Their huts are thatched because they have reclaimed this land. They have not made even pucca mud huts because the Forest Department has routinely destroyed their small homes or set them on fire.

Says Bhola Prasad, sturdy and strong, articulate leader of the Adivasis here, “I know the Forest Rights Act very well. I know our fundamental rights under the Indian Constitution. When they attack us randomly, we protest peacefully, the women lead the protests and we join them in physically and non-violently blocking them.

“They use foul and abusive language, they use violence, while I constantly argue with them. I tell them that this is our ancestral land. Our ancestors have lived in these forests for centuries. The river, the forests and the land belong to us – we have protected this nature for decades.

“Now if we want a patch of land to build our humble homes, and to cultivate crops to feed our families, why are you bringing in your bulldozers! If the Forest Department continues to hound and harass us, we will have to physically stop them next time, even if they put us in prison. We will lead a big struggle with all the neighbourhood villages.”

Ranipur is a role model indeed. The magical landscape of growing crops and vegetables stretches for miles. They end at the foothills of the mountains and dense forests, which merge into the tribal land across to Madhya Pradesh.

“You come with me to the mountains. It’s a long trek through dense forests. You will see an old, ruined fort of our ancestors, rock paintings made by them depicting wildlife, and old oil-making machines. There is an ancient temple out there too hidden in the foliage.

“No official has ever visited this place, nor have scholars or tourists. They are hidden deep inside the forests, almost inaccessible. The ruins only prove that this land and forest were inhabited by our Kol ancestors.

“Now, if they get to know this, they will claim it as a Hindu temple and the upper castes will capture it and turn it into a lucrative and commercial religious site.
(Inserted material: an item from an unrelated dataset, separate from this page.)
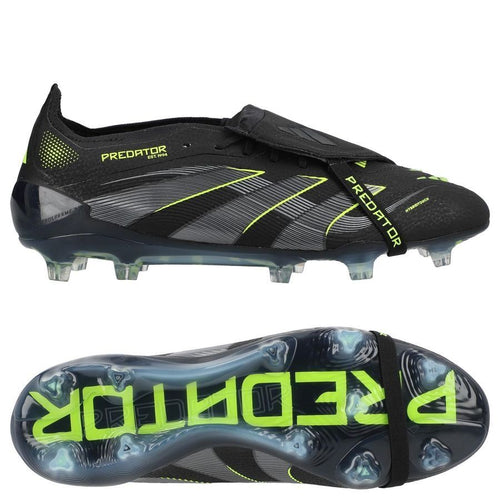 Predator Elite FG Tongue Electric Stealth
They will use it to spread Hindutva and communalism.

“We are not Hindus. We are nature-worshippers. In our struggle, we celebrate the birth anniversary of tribal rebel Birsa Munda every year. That is our festival. Indeed, we have a Hanuman temple near the river here, but it is also a cultural and social space. We gather there to tell and hear stories, and to strengthen our movement to reclaim our land and community forest resources under the Forest Right Act,” said Bhola.

The latest headache for the locals is that the entire region, including the forests, has been recently declared as a Ranipur Wildlife Sanctuary. This would yet again give the Forest Department and administration unbridled powers and pave the way for a reign of terror and domination over the tribal communities. Indeed, why this decision has been taken remains a mystery.
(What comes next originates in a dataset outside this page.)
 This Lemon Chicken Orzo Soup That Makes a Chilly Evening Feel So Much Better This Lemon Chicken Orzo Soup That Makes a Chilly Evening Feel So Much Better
Said Rani, a committed and brave social activist who has worked among the locals and adivasis since she was a young girl, and who travels long distances in packed and rickety buses, while walking on foot for miles, to meet and stay in the villages: “The atrocities inflicted on the adivasis during Covid is still fresh in our minds. They would not allow them to go to their fields and work.
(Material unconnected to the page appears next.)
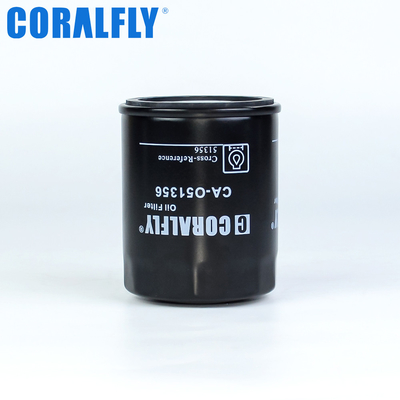 Coralfly Auto Car Oil Filter 51356 51356 LF3644 For WIX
“Due to the absence of a hospital, a woman had to travel a long distance on various buses with her ailing child, who died. They compel people to work for low wages. They dug their cultivated land during the lockdown as in Gidroha village. And now they will use the ploy of a wildlife sanctuary to oppress and displace the Adivasis from their original homeland.”

She said that fake news is being planted in the media that tigers have been spotted in the area. “You ask the locals here. They go with their cattle deep inside the forests for grazing everyday. Women go alone in the forests to collect firewood from the ground or grass for cattle fodder. The local struggles are done under the nation umbrella of All India Union of Forest Working People. Both Matadayalji and Rani are leaders of the Union.

“Ask them. Have they ever seen a tiger, or bear or leopard in the last many decades in this area – no one has seen any such animal here. This is all fake. There are no predators in this area. They claim to protect wildlife – but they unleash relentless brutality on innocent human beings who have lived here for centuries. What a dark and ironic contradiction!”